::: Data listing

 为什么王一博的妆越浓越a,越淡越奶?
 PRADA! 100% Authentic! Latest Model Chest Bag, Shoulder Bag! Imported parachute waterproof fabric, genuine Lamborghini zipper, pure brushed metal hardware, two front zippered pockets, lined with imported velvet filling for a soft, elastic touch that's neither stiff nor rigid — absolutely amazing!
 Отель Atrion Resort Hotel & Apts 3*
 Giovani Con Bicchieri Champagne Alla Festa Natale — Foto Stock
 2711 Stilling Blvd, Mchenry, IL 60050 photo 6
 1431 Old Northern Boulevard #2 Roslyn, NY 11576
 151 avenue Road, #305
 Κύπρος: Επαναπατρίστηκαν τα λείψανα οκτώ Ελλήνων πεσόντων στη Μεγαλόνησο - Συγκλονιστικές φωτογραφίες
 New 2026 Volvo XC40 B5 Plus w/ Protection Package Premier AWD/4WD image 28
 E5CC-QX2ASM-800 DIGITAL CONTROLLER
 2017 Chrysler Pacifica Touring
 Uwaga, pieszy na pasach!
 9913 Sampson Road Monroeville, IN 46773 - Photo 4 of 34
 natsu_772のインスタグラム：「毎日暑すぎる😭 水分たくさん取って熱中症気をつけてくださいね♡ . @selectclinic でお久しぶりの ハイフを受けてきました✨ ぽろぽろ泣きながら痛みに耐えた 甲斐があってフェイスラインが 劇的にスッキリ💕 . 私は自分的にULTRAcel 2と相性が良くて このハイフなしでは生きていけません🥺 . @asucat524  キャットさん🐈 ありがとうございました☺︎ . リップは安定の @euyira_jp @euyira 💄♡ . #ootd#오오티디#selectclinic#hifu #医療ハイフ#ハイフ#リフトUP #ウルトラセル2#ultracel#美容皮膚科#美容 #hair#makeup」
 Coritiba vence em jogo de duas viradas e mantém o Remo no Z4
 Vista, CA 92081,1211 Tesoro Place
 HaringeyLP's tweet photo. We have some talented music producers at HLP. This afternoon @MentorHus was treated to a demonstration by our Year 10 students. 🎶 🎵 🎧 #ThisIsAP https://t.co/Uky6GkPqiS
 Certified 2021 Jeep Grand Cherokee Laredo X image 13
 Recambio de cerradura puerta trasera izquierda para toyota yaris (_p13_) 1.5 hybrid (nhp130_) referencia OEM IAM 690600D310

::::::

Task item.
Output the listing once more. Leave each word as it stands.

Output for this task.
 为什么王一博的妆越浓越a,越淡越奶?
 PRADA! 100% Authentic! Latest Model Chest Bag, Shoulder Bag! Imported parachute waterproof fabric, genuine Lamborghini zipper, pure brushed metal hardware, two front zippered pockets, lined with imported velvet filling for a soft, elastic touch that's neither stiff nor rigid — absolutely amazing!
 Отель Atrion Resort Hotel & Apts 3*
 Giovani Con Bicchieri Champagne Alla Festa Natale — Foto Stock
 2711 Stilling Blvd, Mchenry, IL 60050 photo 6
 1431 Old Northern Boulevard #2 Roslyn, NY 11576
 151 avenue Road, #305
 Κύπρος: Επαναπατρίστηκαν τα λείψανα οκτώ Ελλήνων πεσόντων στη Μεγαλόνησο - Συγκλονιστικές φωτογραφίες
 New 2026 Volvo XC40 B5 Plus w/ Protection Package Premier AWD/4WD image 28
 E5CC-QX2ASM-800 DIGITAL CONTROLLER
 2017 Chrysler Pacifica Touring
 Uwaga, pieszy na pasach!
 9913 Sampson Road Monroeville, IN 46773 - Photo 4 of 34
 natsu_772のインスタグラム：「毎日暑すぎる😭 水分たくさん取って熱中症気をつけてくださいね♡ . @selectclinic でお久しぶりの ハイフを受けてきました✨ ぽろぽろ泣きながら痛みに耐えた 甲斐があってフェイスラインが 劇的にスッキリ💕 . 私は自分的にULTRAcel 2と相性が良くて このハイフなしでは生きていけません🥺 . @asucat524  キャットさん🐈 ありがとうございました☺︎ . リップは安定の @euyira_jp @euyira 💄♡ . #ootd#오오티디#selectclinic#hifu #医療ハイフ#ハイフ#リフトUP #ウルトラセル2#ultracel#美容皮膚科#美容 #hair#makeup」
 Coritiba vence em jogo de duas viradas e mantém o Remo no Z4
 Vista, CA 92081,1211 Tesoro Place
 HaringeyLP's tweet photo. We have some talented music producers at HLP. This afternoon @MentorHus was treated to a demonstration by our Year 10 students. 🎶 🎵 🎧 #ThisIsAP https://t.co/Uky6GkPqiS
 Certified 2021 Jeep Grand Cherokee Laredo X image 13
 Recambio de cerradura puerta trasera izquierda para toyota yaris (_p13_) 1.5 hybrid (nhp130_) referencia OEM IAM 690600D310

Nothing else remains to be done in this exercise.